Yesterday evening, the C.S.O. and I enjoyed an old favorite movie: Rebecca, starring Laurence Olivier, Joan Fontaine, Judith Anderson, George Sanders, C. Aubrey Smith, and Leo G. Carroll, adapted from Daphne du Maurier's classic novel, directed by Alfred Hitchcock. It was a rare pleasure, being among Hitchcock's early triumphs, and superbly faithful to the story and tone of Miss du Maurier's book. Many a viewer is wholly captivated by the suspense elements of the story: Why did young widower Maxim de Winter marry "beneath him?" Why, given his great wealth, his social position, and his beautiful young wife, was he so perpetually grim? Why was his mercurial mood so often exercised at her expense?
Of course, the story ultimately reveals all the answers. But one who concentrates solely on these things is in danger of missing the larger, enveloping theme in which Miss du Maurier wrapped her story: the supreme importance of class divisions and distinctions to the English people in the period of which she wrote.
The evil Mrs.
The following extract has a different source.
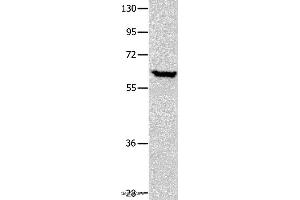 Western blot analysis of Human seminoma tissue, using DNAJC7 Polyclonal Antibody at dilution of 1:400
Danvers, longtime housemistress of Manderly utterly devoted to the memory of the late Rebecca de Winter, first shows her colors by maintaining a frigid distance from the new lady of the house, though the new Mrs. de Winter is from the same class as she. After all, one who has married an aristocrat -- in England, persons of great wealth and property have been deemed aristocrats even if they have no "official" title -- is expected to behave like one, most particularly by maintaining her reserve around the servants. Still, the new Mrs. de Winter persists in trying to befriend Mrs. Danvers and the rest of the staff; some of them show her a degree of polite reciprocation, but ultimately we are shown that the "belowstairs" folks will not have it. It endangers their place in society, a place guaranteed to them by birth and station, just as the de Winters' place is guaranteed to them by their fortune.
Americans struggle to understand the attachment of the "lower classes" to a class system such as that depicted in Rebecca. Why on Earth, we ask, would anyone cherish a social arrangement that locks him into a fixed position for his whole life, and inexorably predestines his children, and theirs, to occupy the very same rung on the ladder? The answer is embedded in one of the deepest of all human needs: our need for a place to stand which can never, ever be taken away.
A class system does limit the heights to which one can aspire, but it also guarantees a place to stand to each of its subjects. Though one's place might be the lowest of the low, it is nonetheless one's own: one's property, protected by social conventions more trustworthy than any legislated law. From that guaranteed station flow innumerable other certainties, most particularly a sure knowledge of what is expected of oneself, and what conduct will and won't be tolerated, by oneself toward others and by others toward oneself.
The rigidity of the arrangement allows its subjects a degree of relaxation, even of serenity, that Americans can barely comprehend. Through her depiction of Mrs. Danvers, who had become devoted to the late, gloriously beautiful, quintessentially aristocratic Rebecca de Winter despite Rebecca's thoroughgoing corruption and cruelty, Daphne du Maurier shows us how jealously some will defend it.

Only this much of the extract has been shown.